▶ _WHAT TO PRODUCE_: Word for word, write out the entries that follow, omitting all pictures.

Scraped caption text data

--

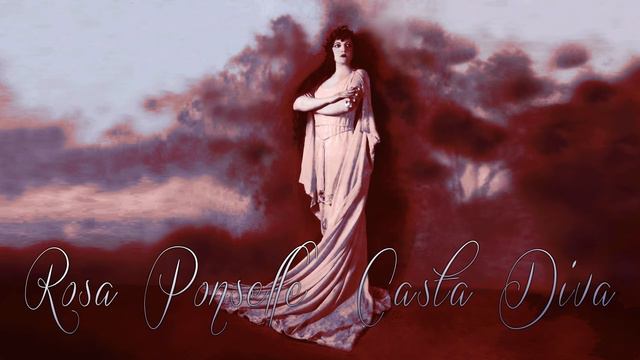 Casta Diva - Rosa Ponselle - 1919 / cleaned by Maldoror & with subtitles смотреть онлайн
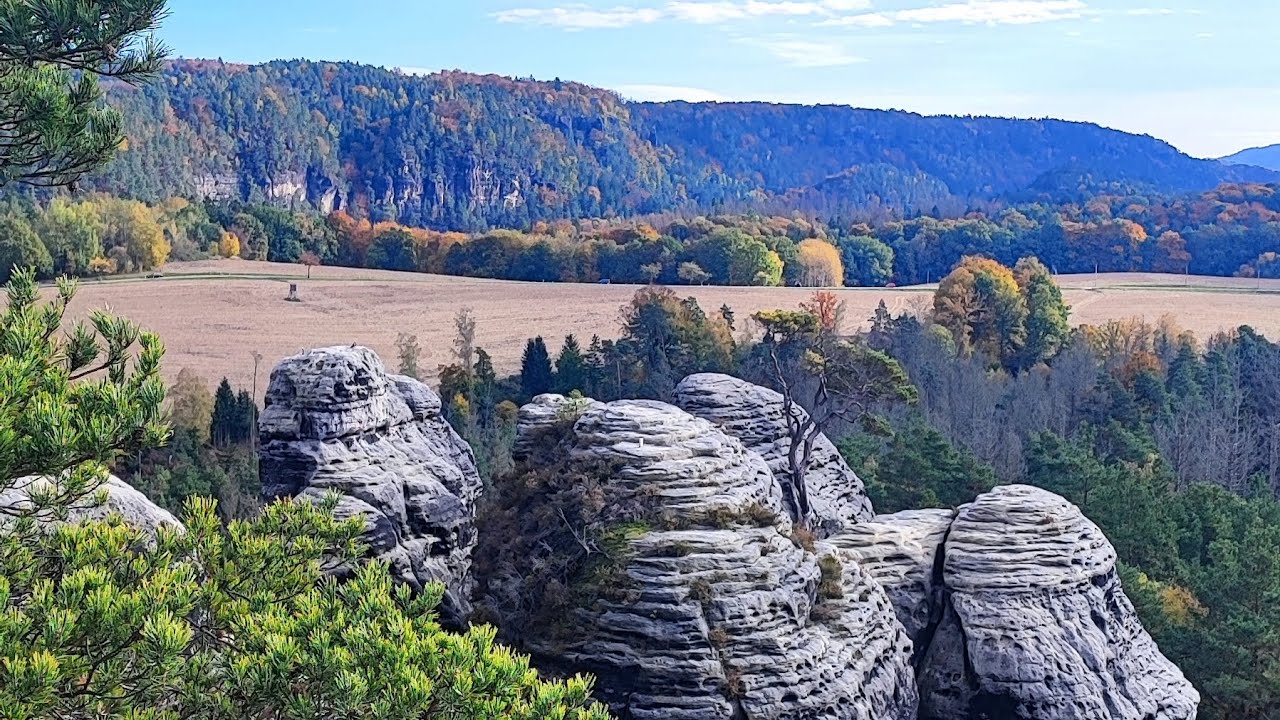 Gamrig-Felsen-Rathen Sächsische Schweiz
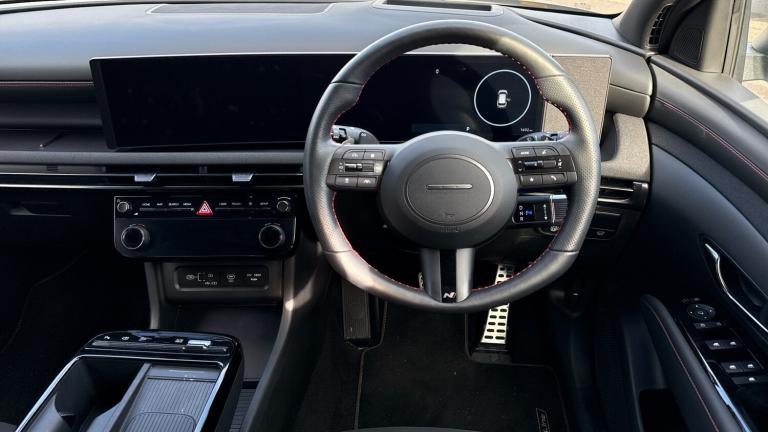 2025 Hyundai Tucson 1.6T Hybrid N Line S 5dr Auto Hybrid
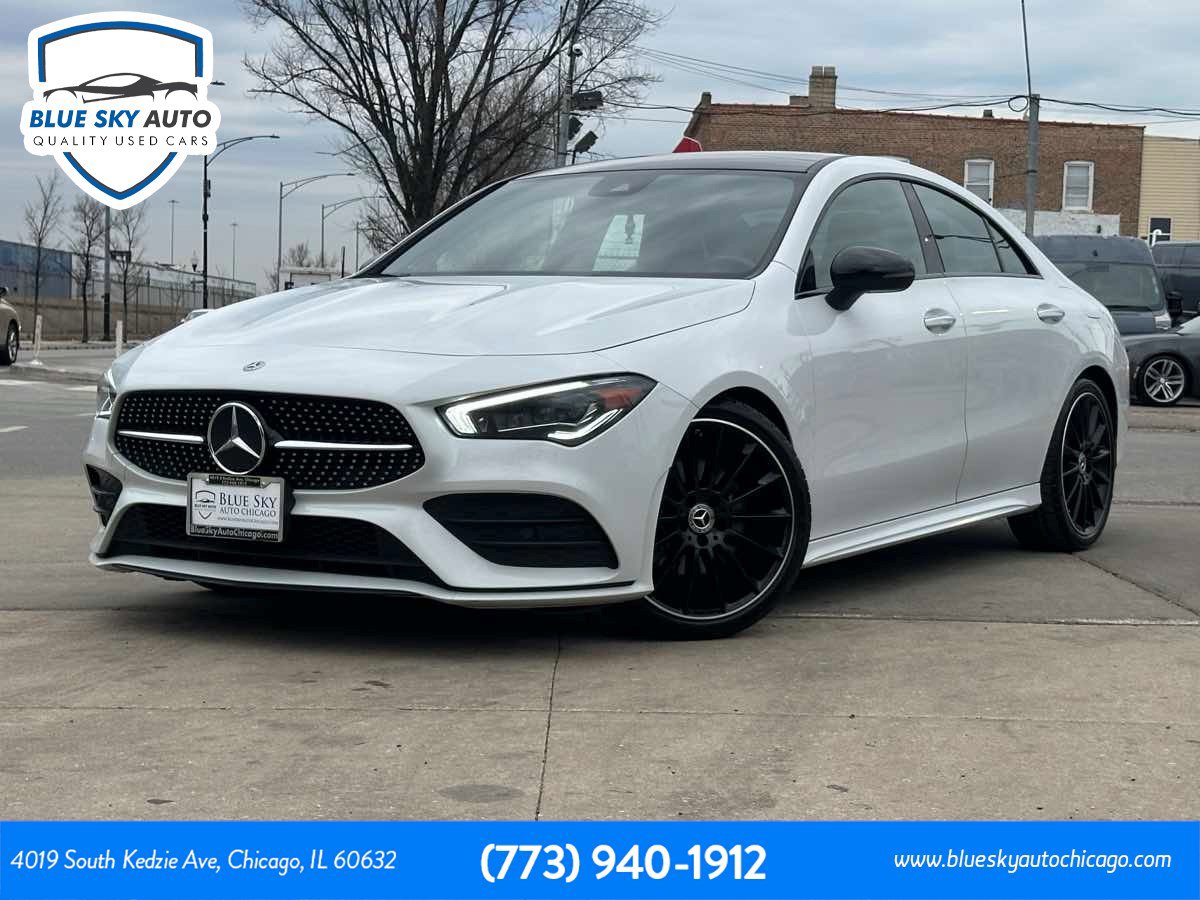 Used 2023 Mercedes-Benz CLA 250 4MATIC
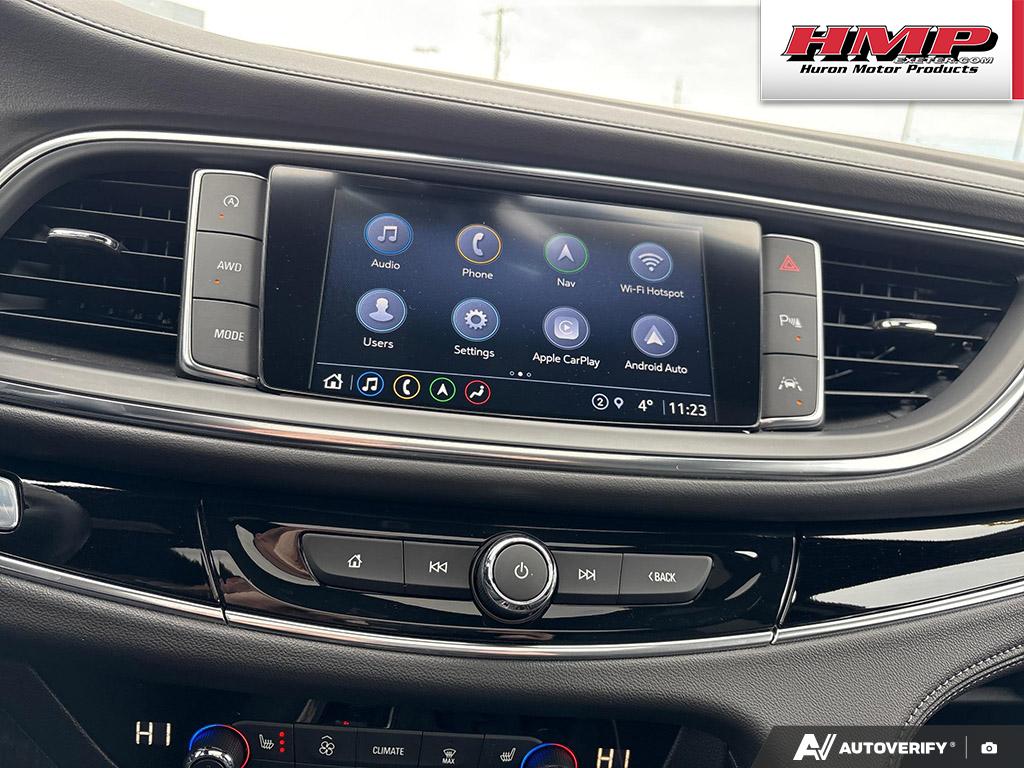 used 2023 Buick Enclave car, priced at $49,284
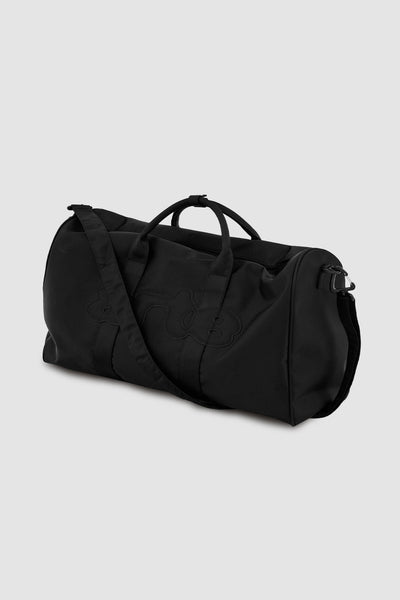 Nylon Duffel Bag - Black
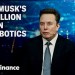 Tesla CEO Elon Musk doubles down on robots Tesla CEO Elon Musk doubles down on robots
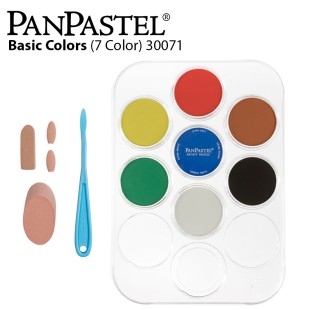 Набор сухой пастели PanPastel "Basic Colors" 7 цветов PP30071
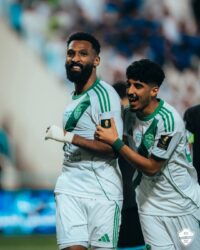 الأهلي يضرب موعدًا في ربع نهائي كأس الملك بعد انتصارة علي الباطن بثلاثة أهداف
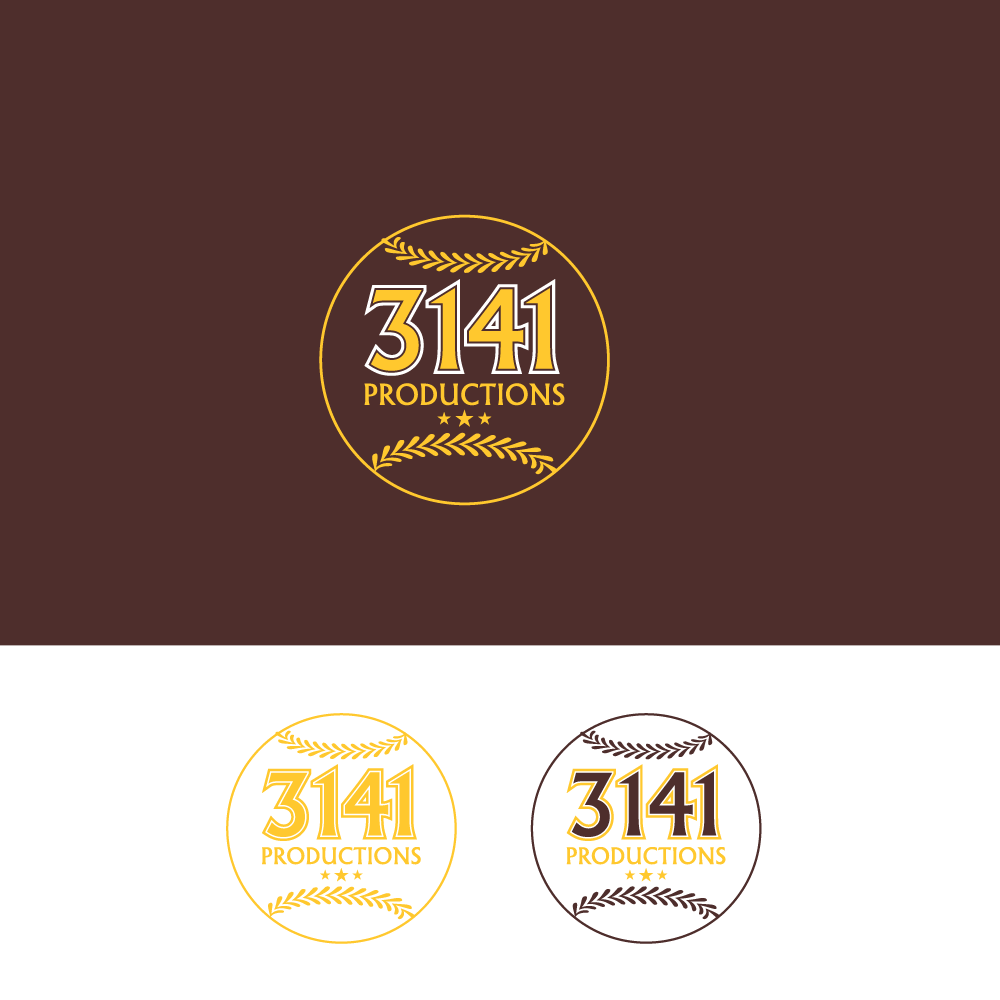 Logo-Design von vanroz für 3141 Productions Inc. | Design #26418151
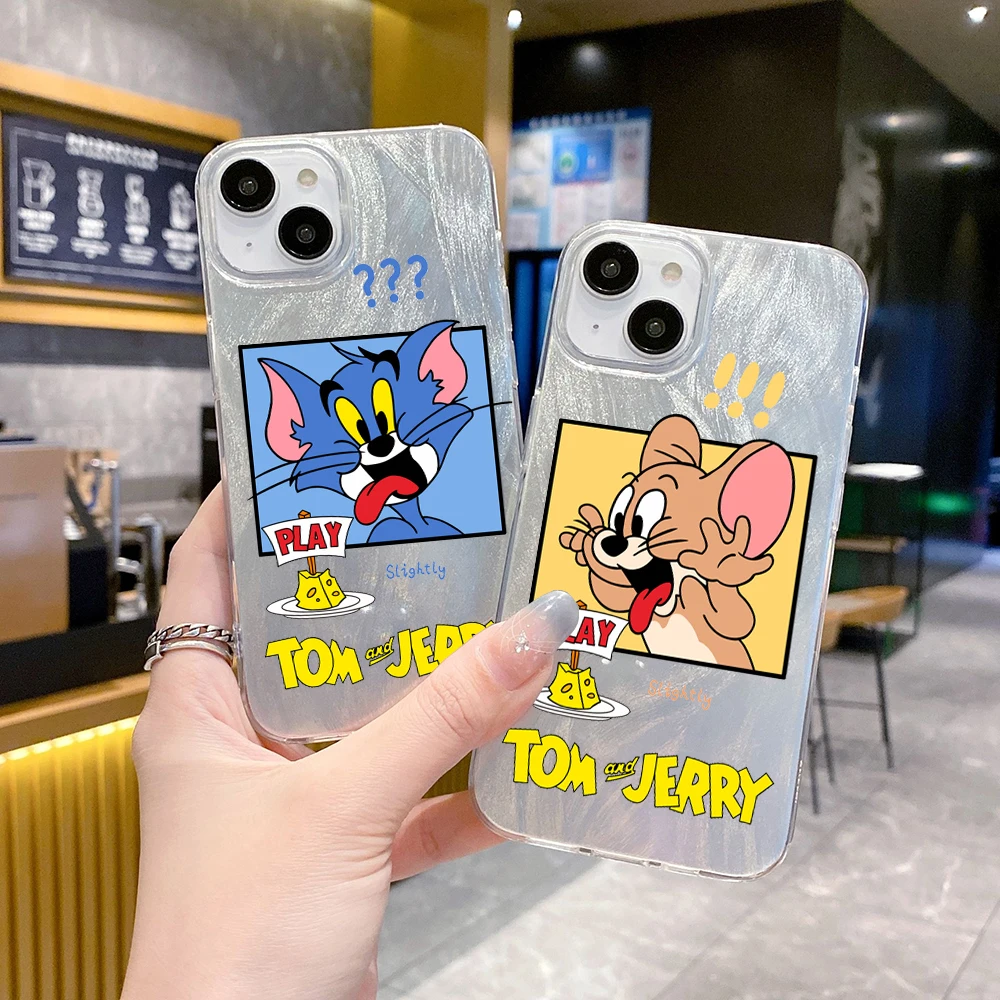 MONEY Disney And Mouse Cat And Mouse Phone Case FOR Samsung Galaxy A30 A25 A24 A23 A22 A217F A21 A20 A15 A14 A13 A12 S LITE M32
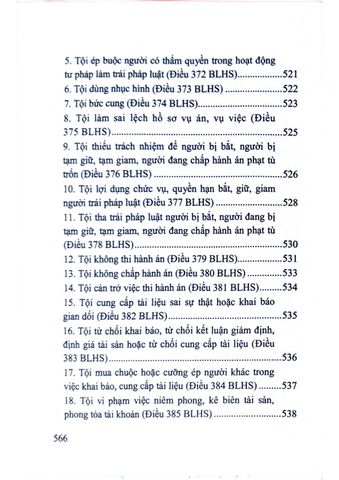  Hướng Dẫn Môn Học Luật Hình Sự - Tập 2 (Phần Các Tội Phạm)  - PGS.TS. Cao Thị Oanh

--

▶ _ANSWER FOR THIS EXERCISE_:
 Casta Diva - Rosa Ponselle - 1919 / cleaned by Maldoror & with subtitles смотреть онлайн
 Gamrig-Felsen-Rathen Sächsische Schweiz
 2025 Hyundai Tucson 1.6T Hybrid N Line S 5dr Auto Hybrid
 Used 2023 Mercedes-Benz CLA 250 4MATIC
 used 2023 Buick Enclave car, priced at $49,284
 Nylon Duffel Bag - Black
 Tesla CEO Elon Musk doubles down on robots Tesla CEO Elon Musk doubles down on robots
 Набор сухой пастели PanPastel "Basic Colors" 7 цветов PP30071
 الأهلي يضرب موعدًا في ربع نهائي كأس الملك بعد انتصارة علي الباطن بثلاثة أهداف
 Logo-Design von vanroz für 3141 Productions Inc. | Design #26418151
 MONEY Disney And Mouse Cat And Mouse Phone Case FOR Samsung Galaxy A30 A25 A24 A23 A22 A217F A21 A20 A15 A14 A13 A12 S LITE M32
  Hướng Dẫn Môn Học Luật Hình Sự - Tập 2 (Phần Các Tội Phạm)  - PGS.TS. Cao Thị Oanh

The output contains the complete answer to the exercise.